This spirit is the product of a cooperation between an Irishman-founded vineyard in California and the Irish distillery group Cooley. The Irish are famous for consolidating the production of many labels of whisky into a few distilleries. Counting museums, there are only around a half dozen distilleries left there and a considerably higher number of whisky releases. This Irish whisky is no exception. Though it is not an official Cooley Distillery brand, it does share the distillery floor with the likes of it’s other labels: Greenore, Kilbeggan, Tyrconnell and Connemara.
This twice distilled whisky is aged in a mix of ex-Bourbon casks and casks from the vineyard’s Petite Sirah releases, which are matured in a mix of “American and French oak”. Though their website is unclear as to whether they mean Pendunculate or Sessile when they say “French”, I definitely taste at least some Pendunculate influence and definitely a hefty amount of the American white oak from the ex-Bourbon casks.

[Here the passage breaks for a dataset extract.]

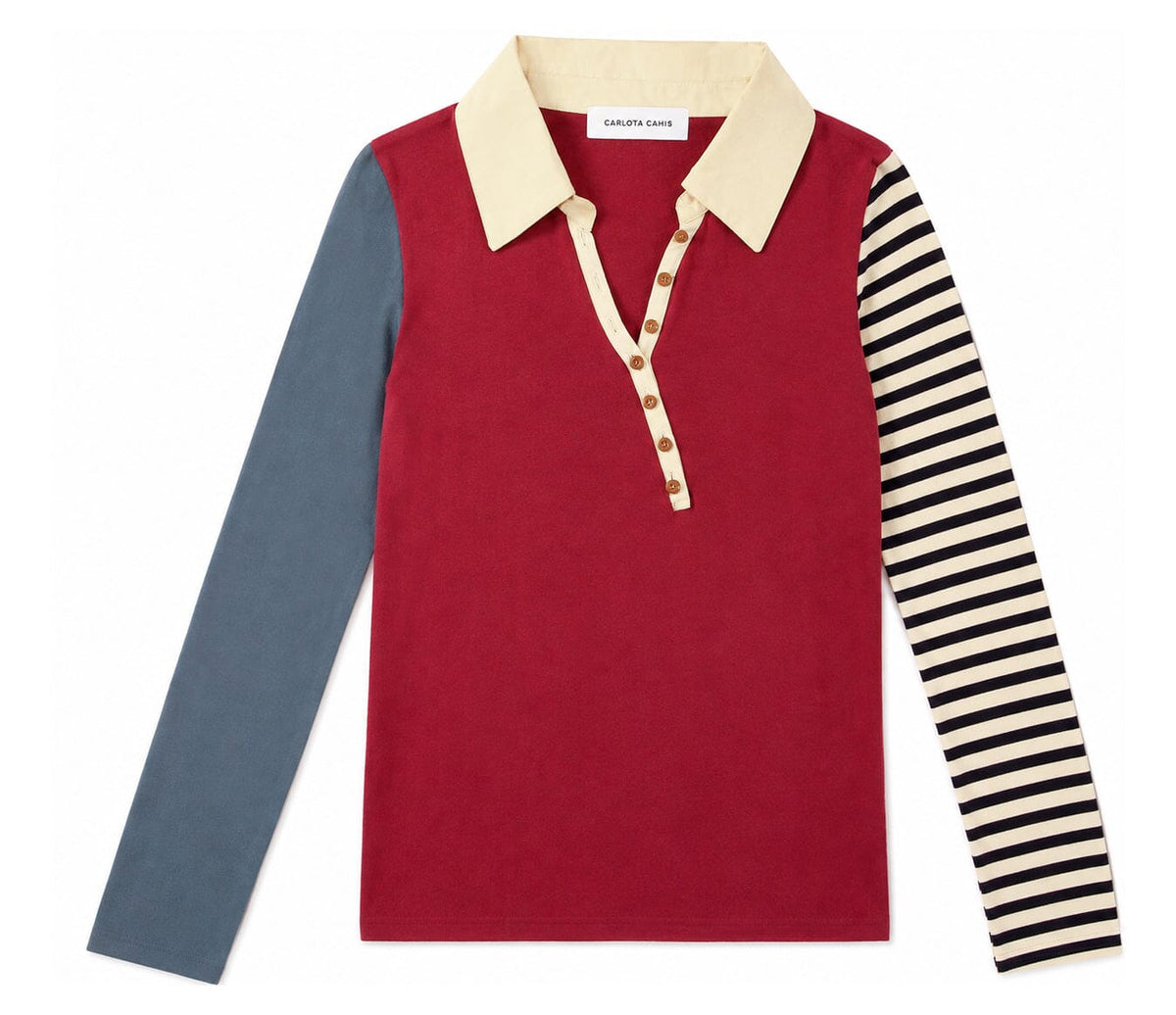 Puppet Shirt Red mix Tops and Blouses Carlota Cahis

Nose: Typically subdued Irish whisky with maple, rose, lemon, raisiny notes, with a light vanilla playing in the back. I could swear I smelled cannoli in there, too. Sweetly moderated woodiness coupled with a light malty aroma and some leathery bitterness. Some firm, 1970’s type notes not unlike Kodak film. Don’t expect a masterpeice, but at this price point I’m not complaining.

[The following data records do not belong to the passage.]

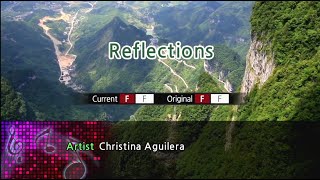 Reflection  Christina Aguilera Karaoke Version [upl. by Enymsaj786]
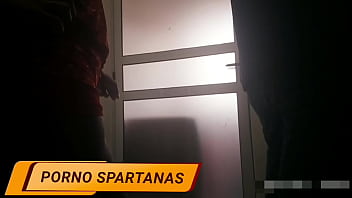 Recebi o técnico do gás e no final sentei nele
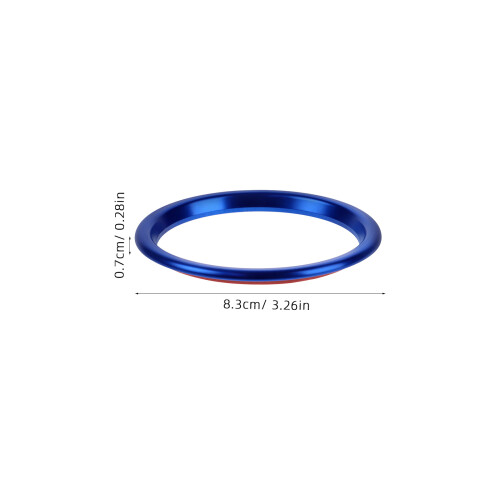 Blue Kreisförmiger Lüftungsschlitz Blende 3,3 Zoll 1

Palate: Smooth, malty, medium-bodied… $25. Even though Petite Sirah is a lavishly purple beverage, there is a good deal of white wine and vanilla in the finish. Oranges, too. There’s a little ugly firmness in there too, but nothing crazy.
As one of my friends put it, this is a great table whisky, that is, an affordable whisky which you always have on hand and don’t hesitate to share with guests who may not appreciate the good stuff. Would I buy another bottle? No. Do I hate it? Not really.